India, with its annual rainfall of over 130 cm, varied topography and climate regimes support and sustain diverse and unique wetland habitats. Natural wetlands in India consists of the high altitude Himalayan lakes, followed by wetlands situated in the flood plains of the major river systems; saline and temporary wetlands of the arid and semi-arid regions; coastal wetlands such as lagoons, backwaters, and estuaries; mangrove swamps; coral reefs and marine wetlands, etc. In fact, with the exception of bogs, fens, and typical salt marshes, Indian wetlands cover the whole range of the ecosystem types found. The various reservoirs, shallow ponds, and numerous tanks support wetland biodiversity and add to the countries wetland wealth. It is estimated that wetland alone support 20 % of the known range of biodiversity in India (Deepa and Ramachandra 1999, Prasad et al. 2002). The total number of aquatic plant species exceeds 1200 and a partial list of animals and avifauna has been given by Gopal (1995). This biodiversity may help in improving agricultural production including fish production having trees on boundaries of wetlands, which contribute toward shade, shelter, and nutrition as litter.

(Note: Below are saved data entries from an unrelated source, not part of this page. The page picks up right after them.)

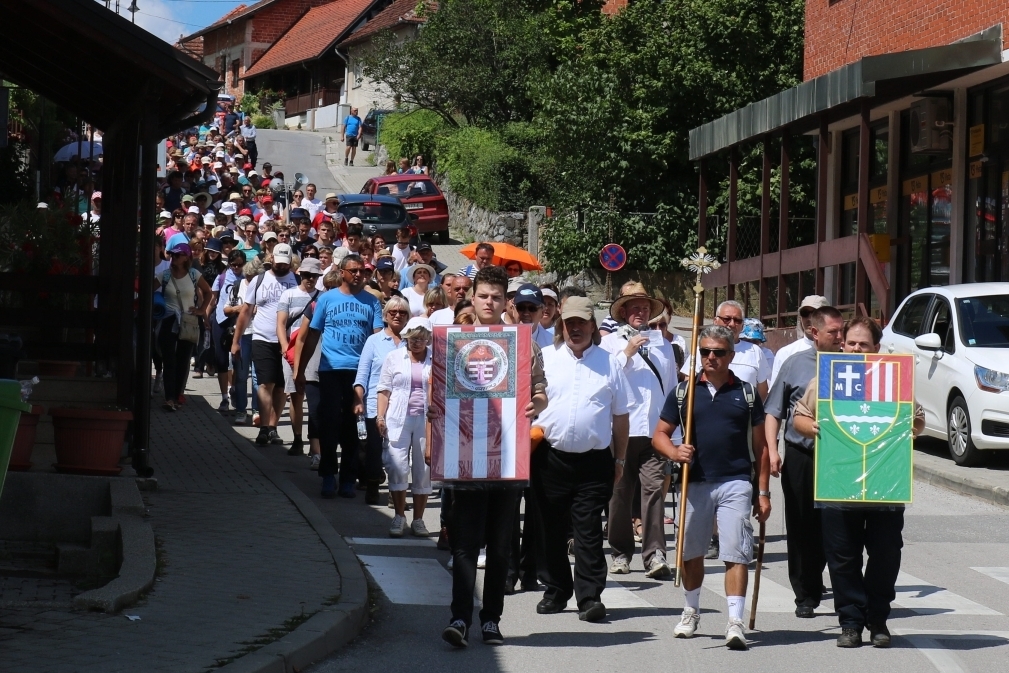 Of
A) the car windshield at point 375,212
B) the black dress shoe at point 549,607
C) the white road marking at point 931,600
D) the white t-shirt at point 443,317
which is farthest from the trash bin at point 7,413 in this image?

Out of about 3.56 Mha of inland wetlands, north-eastern states and West Bengal cover about 370,000 ha and these areas fall under Indo-Burma global mega biodiversity hotspot and harbor large number of wetlands. Major wetland types are rivers, streams, lakes, ponds, waterlogged areas, ox-bow lakes, high altitude lakes, and reservoirs. Wetlands of this region are traditionally used for agriculture and fisheries since time immemorial.

Apart from the fishes, which are major produces from the wetlands, significant number of edible plant species such as Alocasia cucullata, Euryale ferox, Hedychium coronarium, Lemanea australis, and Nelumbo nucifera are also collected and sold in the local market.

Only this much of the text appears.